En esta vocación específica, los Misioneros de Guadalupe promovemos una doble invitación: para compartir nuestra fe y para agradecer a ustedes, mediante nuestras oraciones, el generoso apoyo con que nos acompañan, como misioneros desde sus hogares.

En los próximos meses encontrarán aquí un recorrido que parte desde el momento en que un muchacho pide informes para ingresar al seminario y participar de las actividades del mismo, hasta la ordenación sacerdotal. Este camino comienza en nuestro Centro de Orientación Vocacional (cov), pasa luego por el Seminario Menor, el Curso Introductorio al Seminario de Misiones (Cisemi), la etapa de estudios de Filosofía, el Curso de Espiritualidad y Pastoral (Cespa), la preparación en Teología –tanto en México como en Misiones–, hasta llegar a nuestra ordenación sacerdotal, momento en que nos consagramos a Dios.

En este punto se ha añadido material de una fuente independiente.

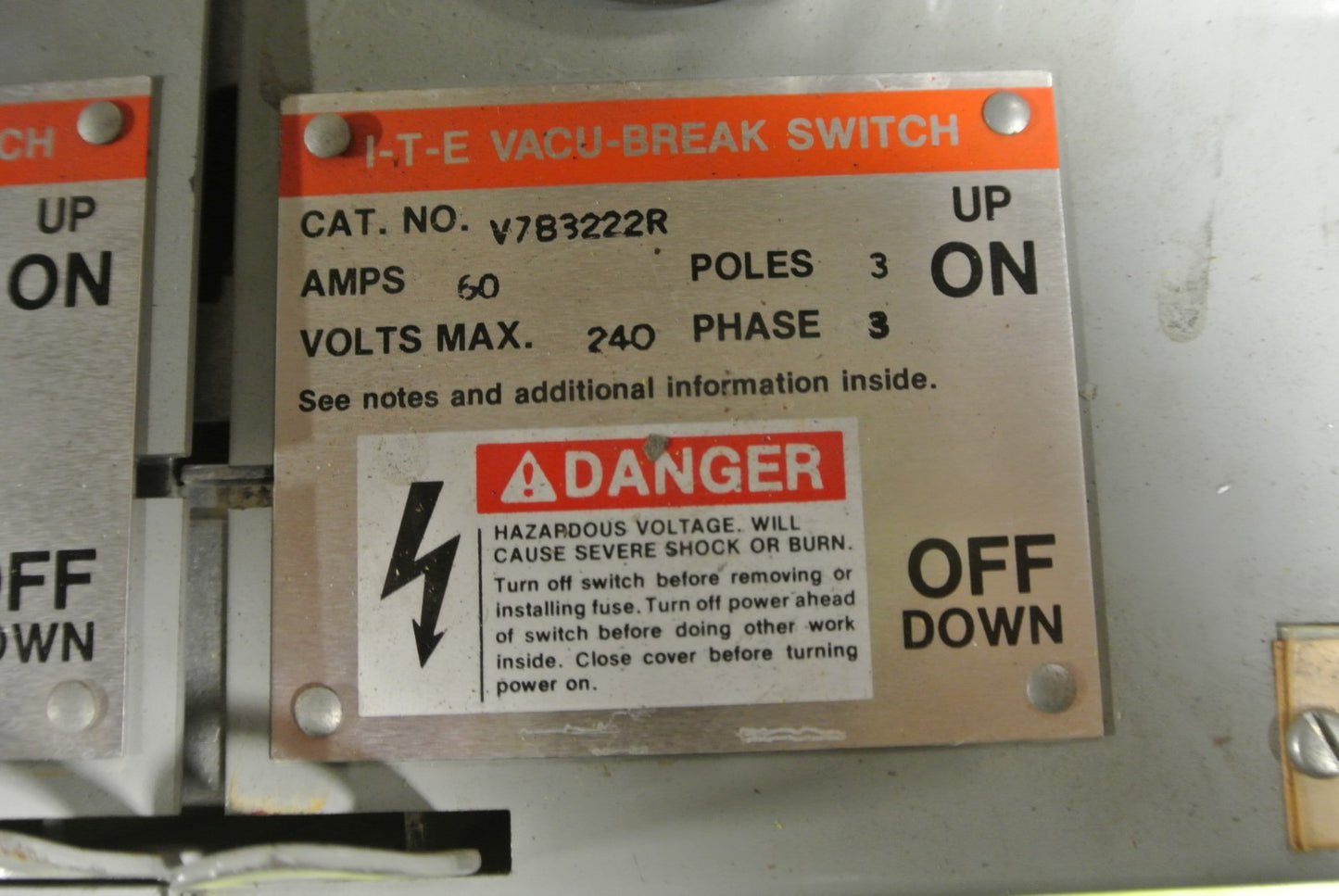 I-T-E V7B3222R - TWIN PANELBOARD VACU-BREAK SWITCH - 240V, 60A, 3-POLE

El propósito de compartir estos momentos es entusiasmar y motivar a los jóvenes a responder al llamado que Dios les hace, sobre todo a quienes, por falta de conocimiento, no se han decidido a preguntar cómo hacerlo. Otro motivo es hacer de su conocimiento, Padrinos y Madrinas, las actividades que generalmente realizamos a la par de nuestros estudios en la vida del seminario. Y, finalmente, un propósito más consiste en seguir invitándolos a que oren mucho por nosotros, sus ahijados, ahora que conocerán más nuestras etapas en la formación.

Queridos bienhechores, los invitamos a que recorran con nosotros parte de lo que, cariñosamente, hacemos en nombre de Dios, con el maternal acompañamiento de Santa María de Guadalupe, para compartir nuestra fe con los hermanos que aún no conocen el Evangelio. ¡Que Dios los bendiga y les regrese a manos llenas su amor y solidaridad misionera!